Gerry Hills, also a volunteer for Arizonans for Gun Safety, said she supports safe gun ownership and believes that background checks will protect law-abiding Arizonans.

Hills said her brother, a Michigan police officer, was killed by a shooter who was able to buy and deal weapons despite a documented history of mental illness.

“This is not a liberal-versus-conservative issue; this is a life-and-death issue,” Hills said. “We need one single law that applies to everybody.”

Gallardo said he tried and failed with the same legislation when he served in the state House.

“I understand its going to be an uphill battle,” he said. “I think most importantly we’ll continue to educate the public.”

Gallardo’s bill had yet to be assigned to a committee.

4 comments

  1. Well, say goodbye to your Senate seat, Im guessing you wont be re-elected. I know that I certainly wont support you. We Arizonans like our guns more than we like people who try to pass laws restricting our 2nd amendment rights of ownership.
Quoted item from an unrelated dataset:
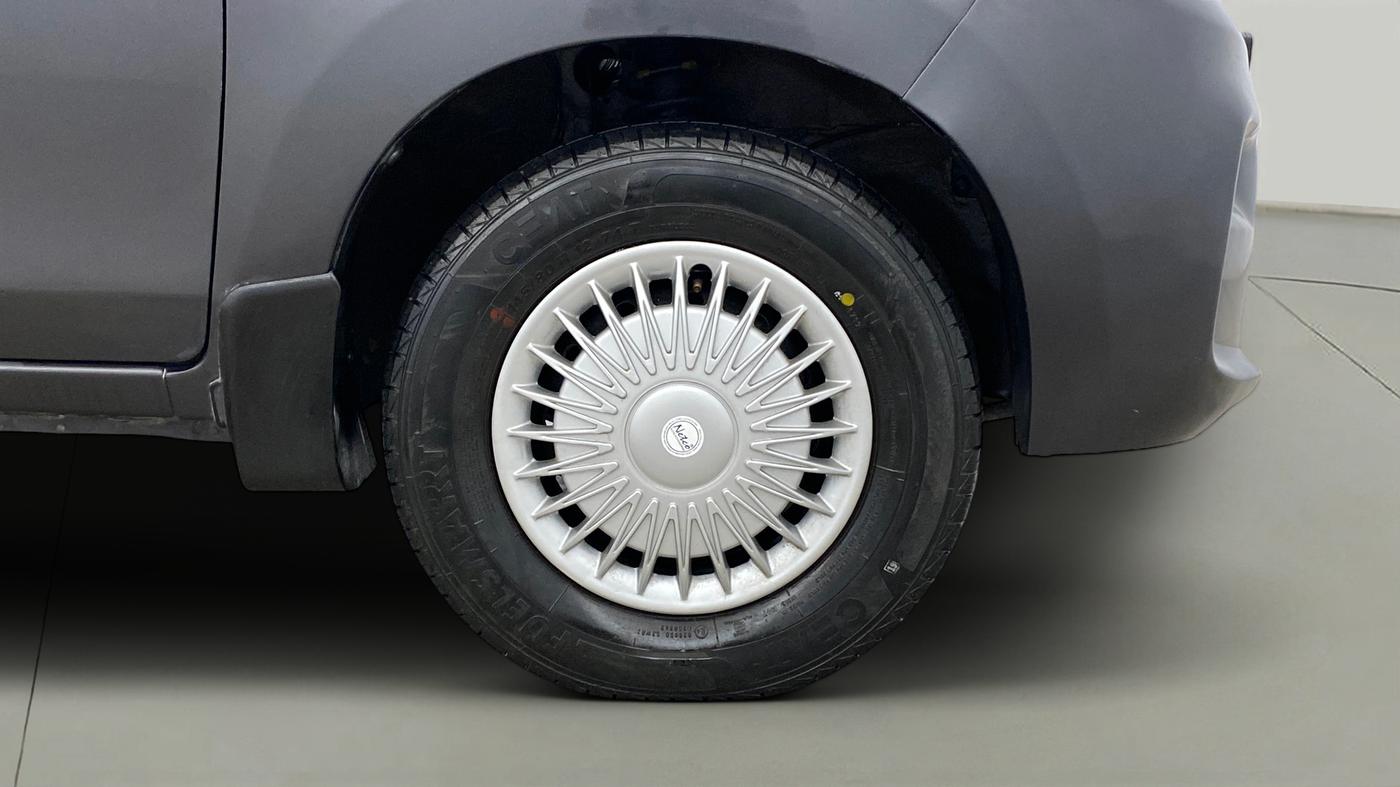 2019 Maruti Alto LXI, Petrol, Manual, 19,960 km, Right Front Wheel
  2. “New York City undercover officers recently were able to buy [a gun] even after one told a seller he probably couldn’t pass a background check.”
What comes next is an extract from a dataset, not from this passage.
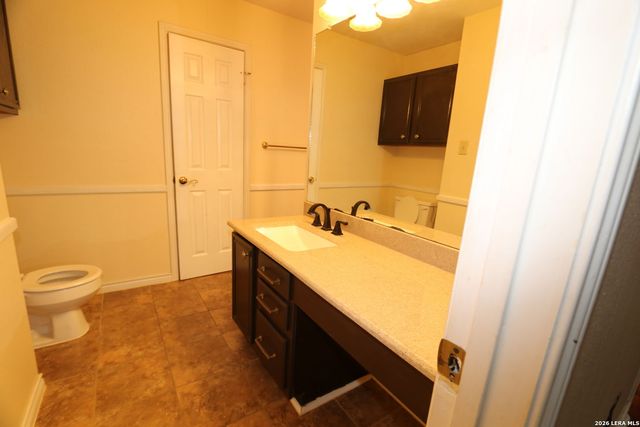 115 Country Lane, Castroville, TX 78009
    …so was the seller in that instance, who broke the law, arrested for this crime?

    I’m sure that if police departments regularly did stings like that and arrested and prosecuted the sellers who ignored the law (that you cannot sell a firearm to someone you know or reasonably suspect is a prohibited person), then the incidence of such sales would be reduced – and you’d get the one who were willing to break that law off the street and likely unable themselves to ever again legally possess a firearm.

    Please enforce the existing laws before you go asking for new ones.

  3. The big problem is this:

    There is no such thing as a gun show loophole. What he is talking about has absolutely nothing to do with gun shows. It’s disingenuous.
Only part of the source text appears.